The first is the middle class majority who were ready and able to take advantage of the gains wrought by the civil rights movement and affirmative action. The second group are those Robinson calls the Abandoned–the twenty-five percent of black Americans trapped in crushing poverty, poor schools, dismal neighborhoods and familial dysfunction. An oligarchy of uber-rich blacks who are so successful that even white people sit up and take notice is the third group; Robinson calls them the Transcendent elite. Finally, recent black immigrants from the Caribbean and Africa and multi-racial blacks make up the fourth group labeled the Emergents. According to Robinson, the groups are demographically, psychologically and geographically distinct, hold vastly different mind sets and lead mostly separate lives.
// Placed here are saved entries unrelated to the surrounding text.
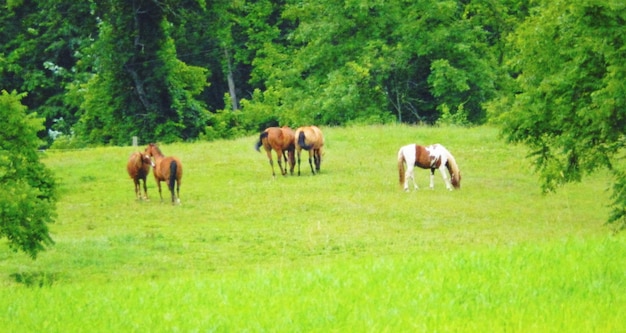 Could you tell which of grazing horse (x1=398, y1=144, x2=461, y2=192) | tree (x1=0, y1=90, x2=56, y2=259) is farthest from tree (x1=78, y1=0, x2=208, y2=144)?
tree (x1=0, y1=90, x2=56, y2=259)

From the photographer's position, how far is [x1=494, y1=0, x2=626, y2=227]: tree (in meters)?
20.9

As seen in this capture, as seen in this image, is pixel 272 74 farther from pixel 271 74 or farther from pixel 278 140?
pixel 278 140

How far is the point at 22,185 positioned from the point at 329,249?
6866 mm

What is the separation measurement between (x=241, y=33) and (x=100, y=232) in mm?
47474

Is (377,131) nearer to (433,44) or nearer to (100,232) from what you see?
(433,44)

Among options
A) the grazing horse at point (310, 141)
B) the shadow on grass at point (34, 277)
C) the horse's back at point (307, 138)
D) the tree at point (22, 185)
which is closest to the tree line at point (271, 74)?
the grazing horse at point (310, 141)

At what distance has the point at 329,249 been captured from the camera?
22875 mm

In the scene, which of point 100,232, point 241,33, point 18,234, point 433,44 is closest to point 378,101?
point 433,44

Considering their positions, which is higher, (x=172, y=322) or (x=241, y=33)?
(x=241, y=33)

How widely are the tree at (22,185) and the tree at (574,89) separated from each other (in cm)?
968

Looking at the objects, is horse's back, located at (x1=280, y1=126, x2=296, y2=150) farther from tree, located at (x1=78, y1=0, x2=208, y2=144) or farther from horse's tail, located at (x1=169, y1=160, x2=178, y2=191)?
tree, located at (x1=78, y1=0, x2=208, y2=144)

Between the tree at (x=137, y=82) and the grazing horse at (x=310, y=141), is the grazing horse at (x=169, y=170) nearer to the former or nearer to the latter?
the grazing horse at (x=310, y=141)

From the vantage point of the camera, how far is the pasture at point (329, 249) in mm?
10141

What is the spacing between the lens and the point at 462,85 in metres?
53.4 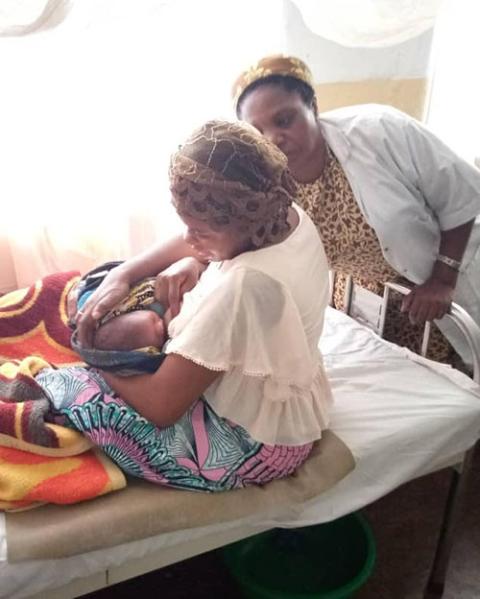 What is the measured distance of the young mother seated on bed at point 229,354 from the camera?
0.87 m

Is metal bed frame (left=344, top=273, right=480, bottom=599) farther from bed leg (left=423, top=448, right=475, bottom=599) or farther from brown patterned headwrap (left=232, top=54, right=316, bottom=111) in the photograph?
brown patterned headwrap (left=232, top=54, right=316, bottom=111)

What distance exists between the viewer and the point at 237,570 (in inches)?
49.8

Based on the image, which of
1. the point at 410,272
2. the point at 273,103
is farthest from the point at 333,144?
the point at 410,272

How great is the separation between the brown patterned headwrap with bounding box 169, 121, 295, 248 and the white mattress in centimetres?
49

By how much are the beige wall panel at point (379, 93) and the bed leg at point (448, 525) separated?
3.88 ft

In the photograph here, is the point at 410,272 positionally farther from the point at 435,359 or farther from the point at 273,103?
the point at 273,103

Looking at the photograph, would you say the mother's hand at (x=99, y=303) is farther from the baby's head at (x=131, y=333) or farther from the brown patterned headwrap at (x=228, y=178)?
the brown patterned headwrap at (x=228, y=178)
In Disintegration, Robinson also explains how the black community arrived at this point, taking the reader on a journey from Jim Crow to the Great Migration to the civil rights movement. A commonality of each of these eras was that even wealthy blacks were restricted as to where they could live, work, attend school and church. That fact alone created a unity in the black community that helped it traverse the racial minefield of America. Black neighborhoods with their mix of income and education levels created a nurturing haven for numerous generations of black children. They were places where black children could dream and do and be. It is ironic that the fight for racial equality would be one of the elements that helped fracture that community.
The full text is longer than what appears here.